=== Your goal ===
Go to the line with "appartamento in affitto" in the entries below and write out every line from there through the line with "(60430) Silly-Tillard - 123", exactly and without pictures.

=== Input data ===

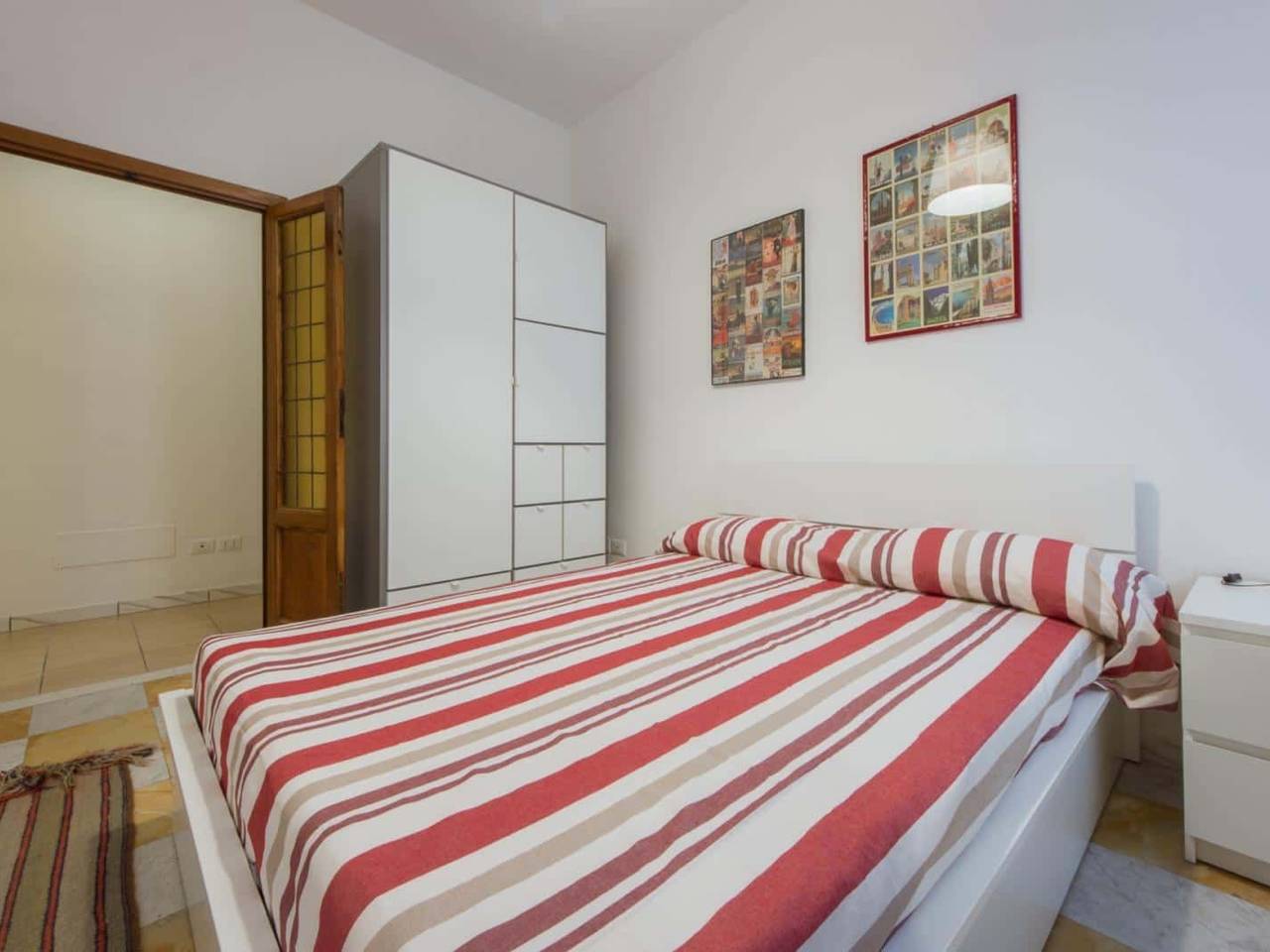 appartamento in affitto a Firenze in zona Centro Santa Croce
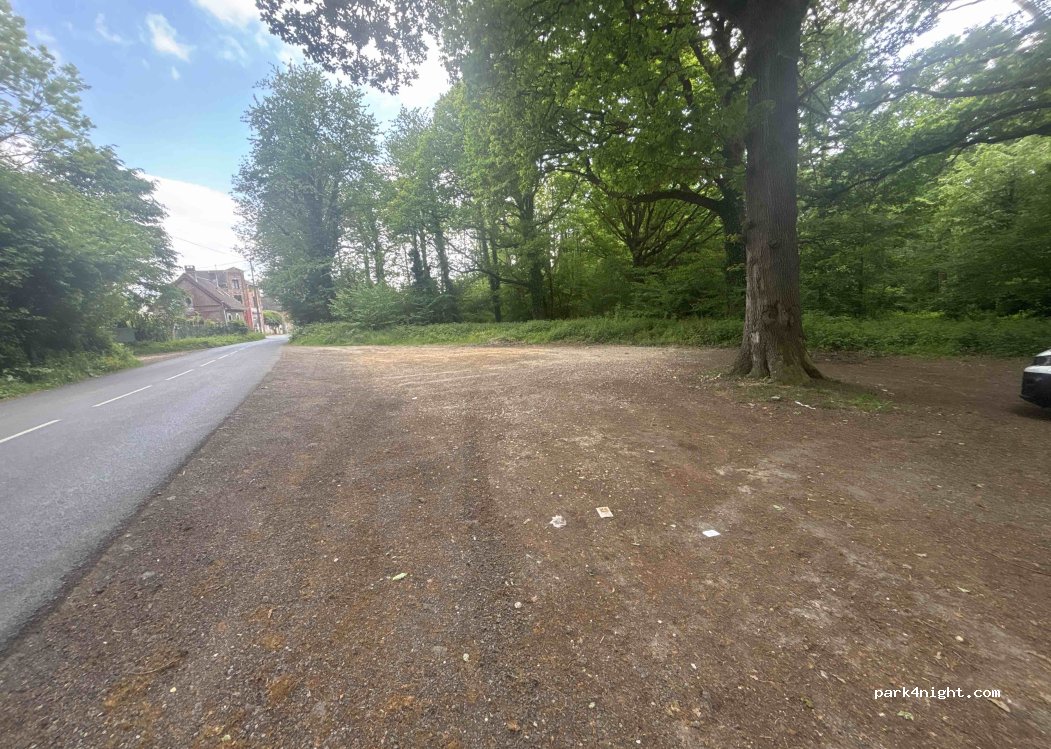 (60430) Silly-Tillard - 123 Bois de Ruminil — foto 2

==

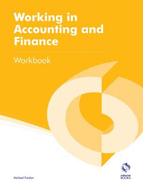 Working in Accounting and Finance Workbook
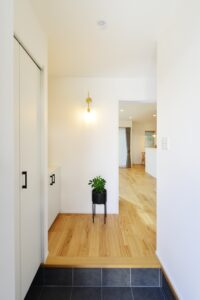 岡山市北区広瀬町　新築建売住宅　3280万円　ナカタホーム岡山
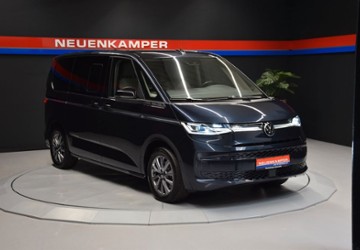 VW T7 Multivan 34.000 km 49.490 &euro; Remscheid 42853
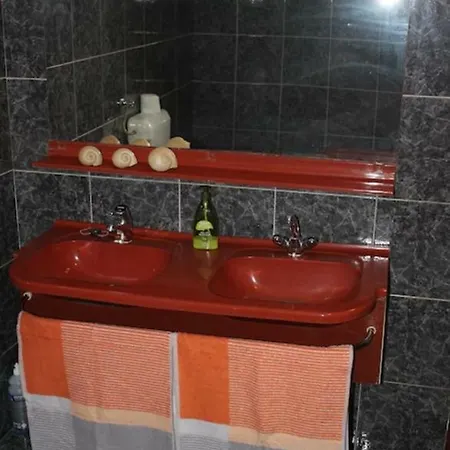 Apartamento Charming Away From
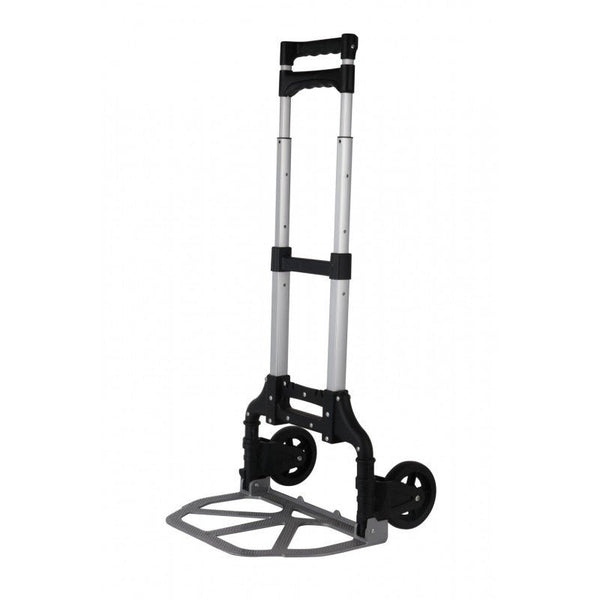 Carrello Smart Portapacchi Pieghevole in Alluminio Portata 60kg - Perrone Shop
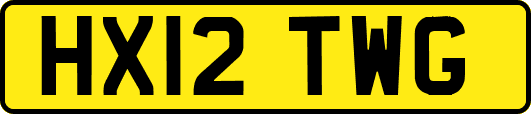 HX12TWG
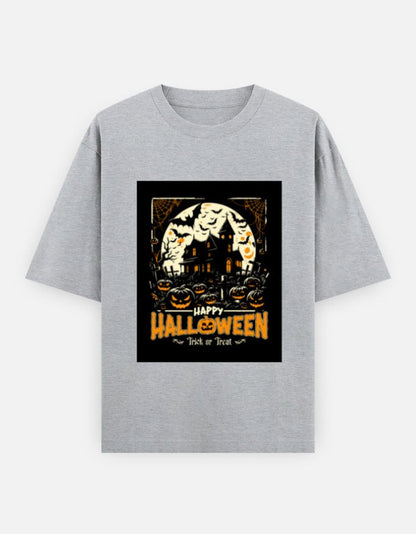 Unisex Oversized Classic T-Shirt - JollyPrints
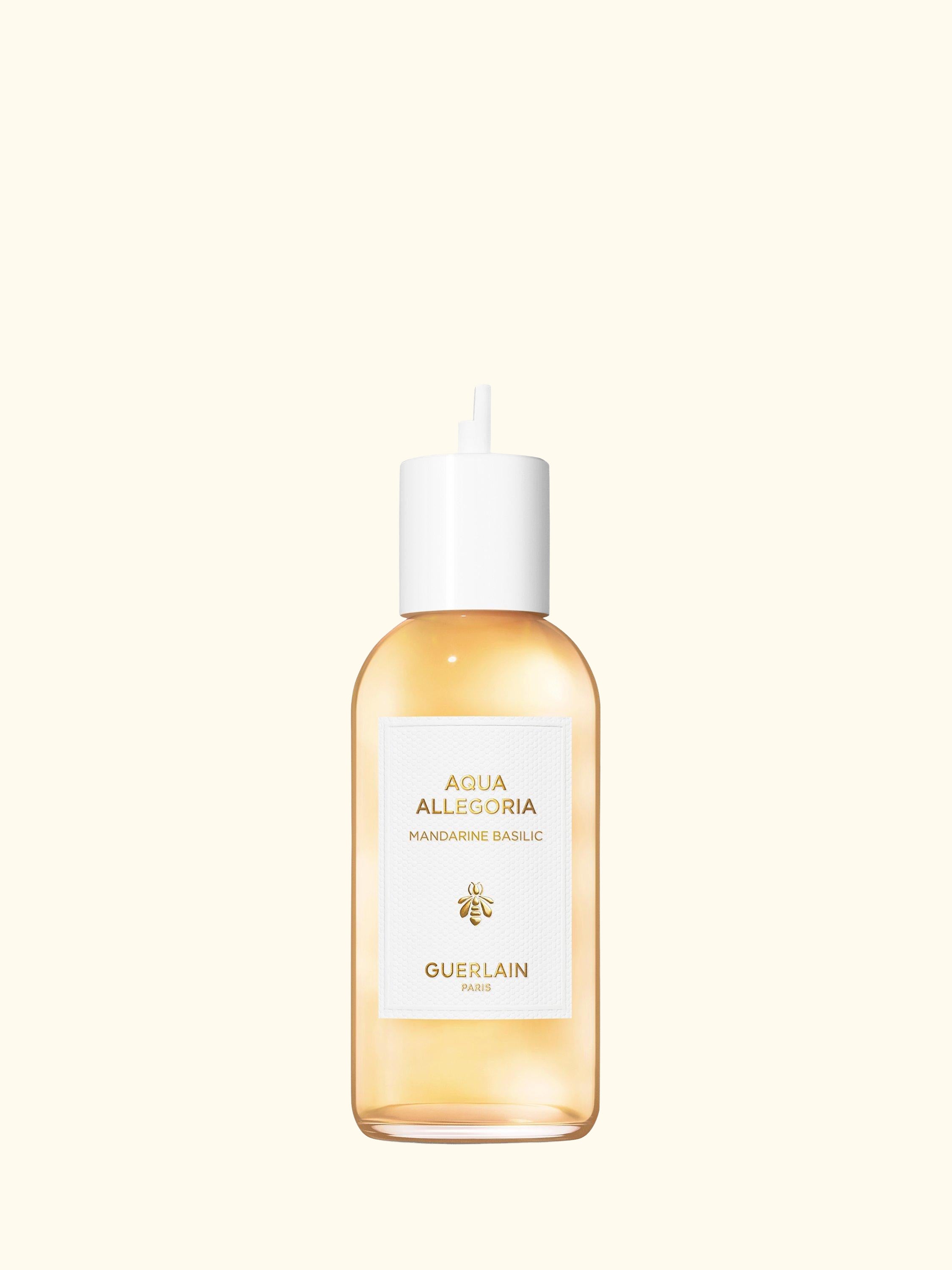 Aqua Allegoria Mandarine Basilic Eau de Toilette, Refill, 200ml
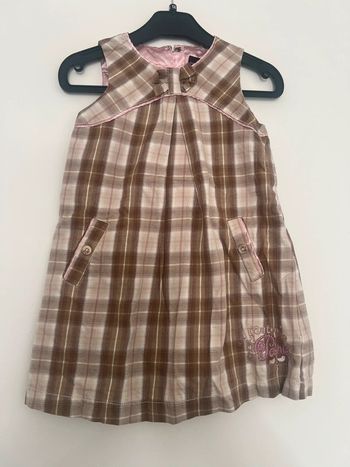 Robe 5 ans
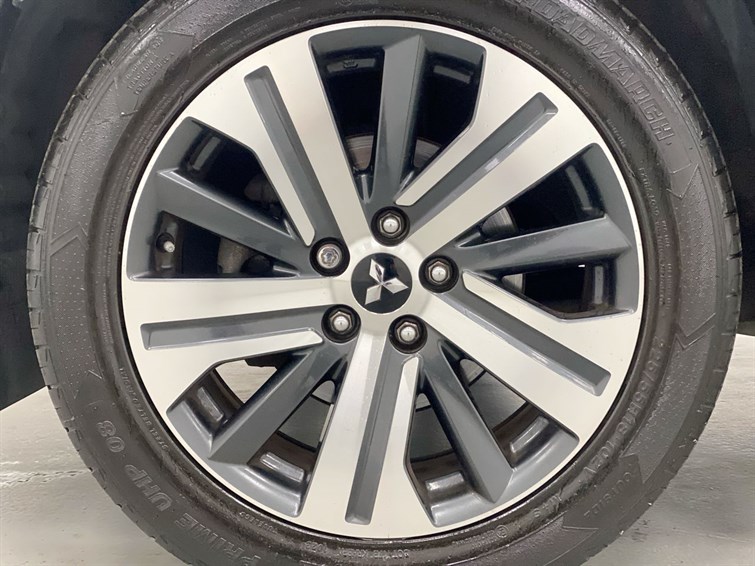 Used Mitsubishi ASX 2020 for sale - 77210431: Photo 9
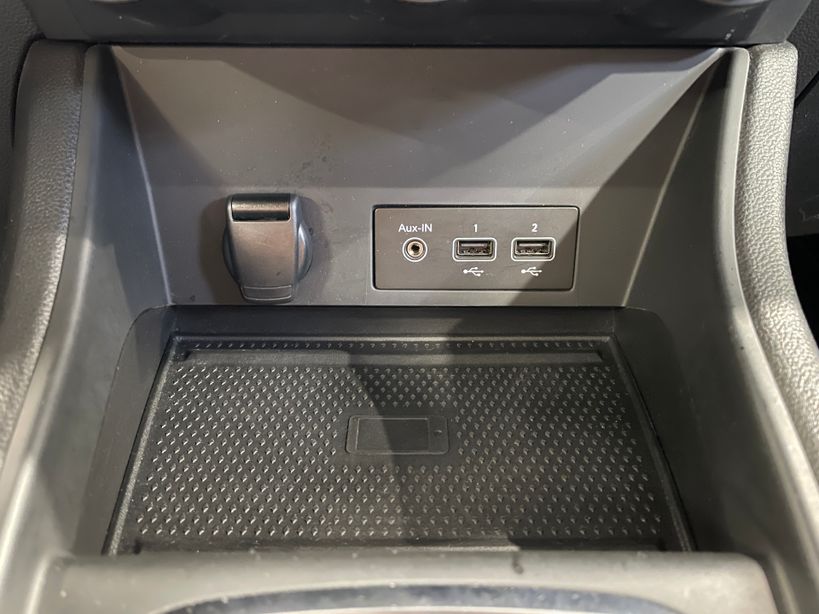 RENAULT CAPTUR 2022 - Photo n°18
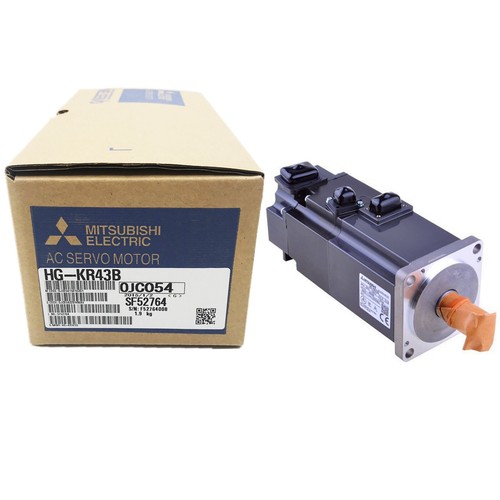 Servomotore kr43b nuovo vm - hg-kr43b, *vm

---

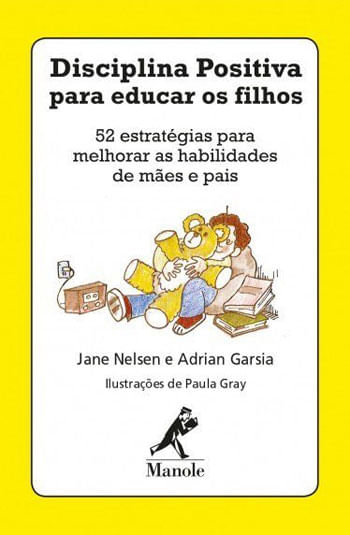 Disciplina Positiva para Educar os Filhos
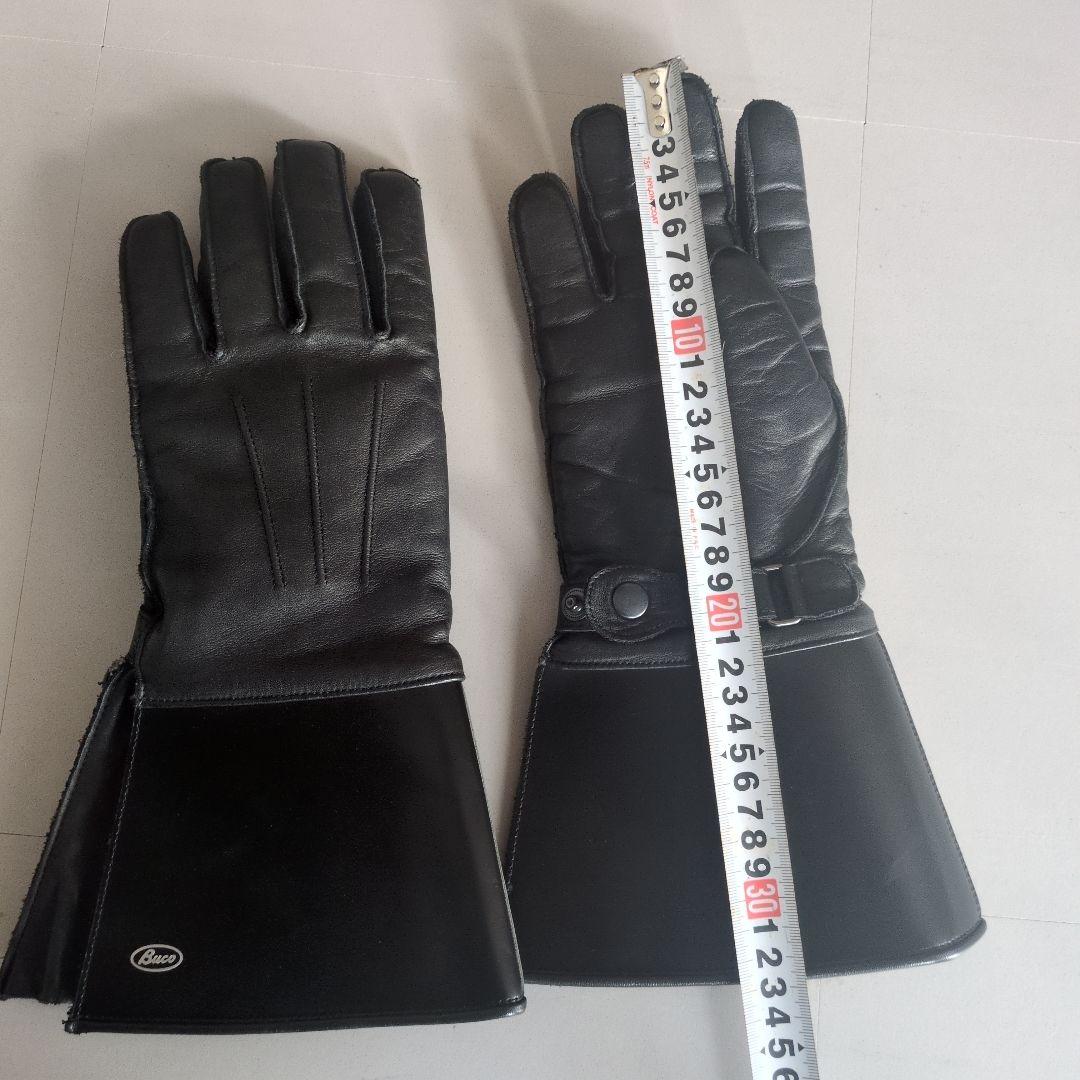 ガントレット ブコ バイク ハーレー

=== Task output ===
 appartamento in affitto a Firenze in zona Centro Santa Croce
 (60430) Silly-Tillard - 123 Bois de Ruminil — foto 2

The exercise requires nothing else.